I've mentioned in the past I have a fascination with tragedies. I've read and watched videos all about 9-11, school shootings, serial killers and yes, The Holocaust.
Before you call the cops, this isn't because I enjoy these things, its because I'm fascinated by them. I'm scared by them. I'm lost and I'm confused, I'm trying to slowly put together the pieces of why. Why do these things happen? How could someone get this low? Once someone has literally killed millions of jews, that doesn't make them human anymore? just a monster? How does that happen?
Schindler's List is easily one of the most important films ever made. I know that's deemed for a lot of films, but, this is easily one of the essential movie viewing experiences and I can't believe I've only seen it today because I was sick. Honestly, I was planning to watch Seven Samurai because it was voted on the most on my poll but Filmstruck was being slow and this was on Netflix. While I'm hyped to see Seven Samurai, I guess I really needed to watch this today and I'm glad I did.
This is one of those harrowing epic films that is really eye opening to me.
I've had my own issues going on. I was actually sick because yesterday I had a bit of a panic attack and was up till 3 and got like 5 hours of sleep. It was everything to wondering if people liked me, if I had screwed up my life, what my thoughts on life were and what I stood for, my job and if I was good enough to do anything more then what I am or if I just screwed up everything, if people just tolerated me to be nice, if all my good memories in life was a myth and if I could even end up making good movies in the first place. All my friends from High School were out there doing things with their life and I'm still stuck in southwest Missouri in the same room I was last year yet things seemed so much brighter then.
Yet, as I watched Schindler's List, I realized how selfish I was, even ignorant.
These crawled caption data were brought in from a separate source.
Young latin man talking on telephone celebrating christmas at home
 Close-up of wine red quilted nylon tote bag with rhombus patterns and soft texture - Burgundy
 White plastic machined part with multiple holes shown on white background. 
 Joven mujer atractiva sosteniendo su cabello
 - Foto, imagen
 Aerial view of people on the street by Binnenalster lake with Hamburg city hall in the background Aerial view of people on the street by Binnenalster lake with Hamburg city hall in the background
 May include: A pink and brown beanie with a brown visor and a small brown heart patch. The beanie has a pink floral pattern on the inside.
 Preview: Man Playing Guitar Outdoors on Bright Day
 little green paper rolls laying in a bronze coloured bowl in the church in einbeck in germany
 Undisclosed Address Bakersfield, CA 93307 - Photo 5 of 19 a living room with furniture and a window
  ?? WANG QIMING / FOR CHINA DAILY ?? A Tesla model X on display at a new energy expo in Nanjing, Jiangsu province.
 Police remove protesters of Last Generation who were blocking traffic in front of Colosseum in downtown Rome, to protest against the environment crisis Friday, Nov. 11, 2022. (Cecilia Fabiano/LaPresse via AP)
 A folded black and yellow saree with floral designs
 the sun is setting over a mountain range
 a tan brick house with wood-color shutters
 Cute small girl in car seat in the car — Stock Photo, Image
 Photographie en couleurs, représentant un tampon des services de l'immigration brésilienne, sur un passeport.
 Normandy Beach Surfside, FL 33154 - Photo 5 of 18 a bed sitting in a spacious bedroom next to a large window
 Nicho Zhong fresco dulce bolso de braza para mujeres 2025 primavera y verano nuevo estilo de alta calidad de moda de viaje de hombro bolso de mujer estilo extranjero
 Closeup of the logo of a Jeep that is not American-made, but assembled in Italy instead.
I mean the feelings I have happen to everyone, their a door designed by Satin to get you to give up and its something you have to look past and get on the other side of. That being said, can you imagine, your entire race or religion being persecuted for just being born? Being treated less then cattle on a farm and tossed around like items? That must be the ultimate blow, the ultimate feeling of being unwanted or unloved. It makes me angry, it makes me so so angry stuff like this actually happened.
While the Holocaust no longer is a thing fortunately, intolerance still exists today in America. People who are unloving and intolerable of people who are unlike them. Bullies who put others down to make themselves feel a certain amount of power. People who judge one another by the way they look instead of their actual character. This sort of evil bigotry and intolerance of people unlike the norm is still a barrier that has caused America to be divided. We must not forget one thing, people are people. They must be judged on the way they act and not by their believes, social class or sexual orientation.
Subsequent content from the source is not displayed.